Camrys (and Accords) are such icons for today’s midsize sedans that it’s easy to forget how suddenly the 1987-1991 Camry was everywhere once it burst onto the scene–at least, that’s how it went out here in corn country. During the late 1970s and early 1980s, we’d slowly become comfortable with Japanese cars as second cars and grocery getters. Throughout the 1980s, Toyota kept working to make its cars less…well, weird, and they finally hit the mark perfectly with the second-gen Camry. It still didn’t hew to the American idiom, but somehow it felt right, and it came with plenty of room and Toyota’s bulletproof quality. We Midwesterners immediately embraced it as primary family transportation.
Sometime around 1990, I had a girlfriend who was a news reporter for a radio station. Radio, like crime, does not pay – especially in such small markets as Terre Haute, Indiana, where we lived. She barely made ends meet on her poverty-level wages (supplemented by occasional cash infusions from Daddy). Although she drove a used-up, badly rusted first-generation Honda Prelude, she aspired to finer cars; in fact, her idea of a fabulous date was visiting a new-car dealer for test-drives.
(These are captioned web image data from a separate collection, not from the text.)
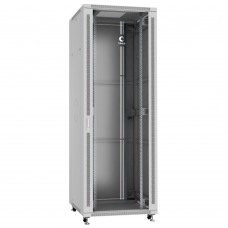 Шкаф телекоммуникационный напольный 19" 47U 800x800, дверь стекло, серый (RAL 7035), Cabeus SH-05C-47U80/80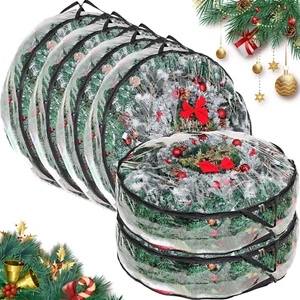6 Pcs 36Inch Large Christmas Wreath Storage Bag Clear Wreath Storage Container S - Picture 1 of 7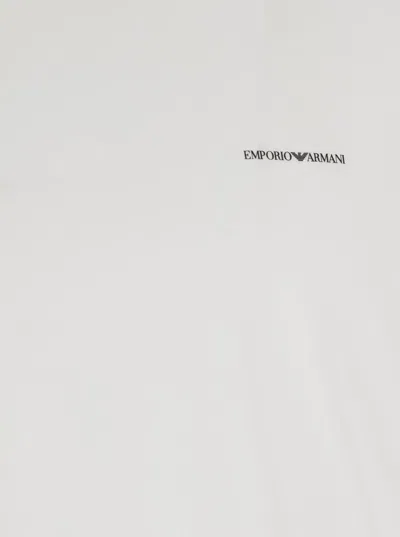 Emporio Armani White T-shirt With Logo On The Left Front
We did a lot of that, at least until we ran out of dealerships in the area.
At the Toyota dealership, she made up a story about being recently married and wanting to get into a family way, a situation to which her Prelude obviously wasn’t suited. The salesman steered us directly toward a long row of Camrys and handed me a key, despite my girlfriend having done all the talking.
As a naive youth, I had staunchly bought American cars, and had never before driven a Japanese car. While sitting in that Camry listening to the salesman yammer, I saw that what everybody was saying was true: Every detail on this Camry was tight and right.
But then I drove it. It was as if Toyota had erected a cognitive-dissonance field around the steering wheel. I felt the wheel in my hands, and it was steering the car; however, when I turned it, the wheel didn’t seem to actually be there. That was my first experience with Toyota’s famously numb steering.
Clearly, that didn’t matter to the millions of people who bought these cars and then drove them for years. I don’t remember when they finally started disappearing from the roads around here, but it’s been long enough ago that I was surprised to find this one during a recent visit to–where else–Terre Haute.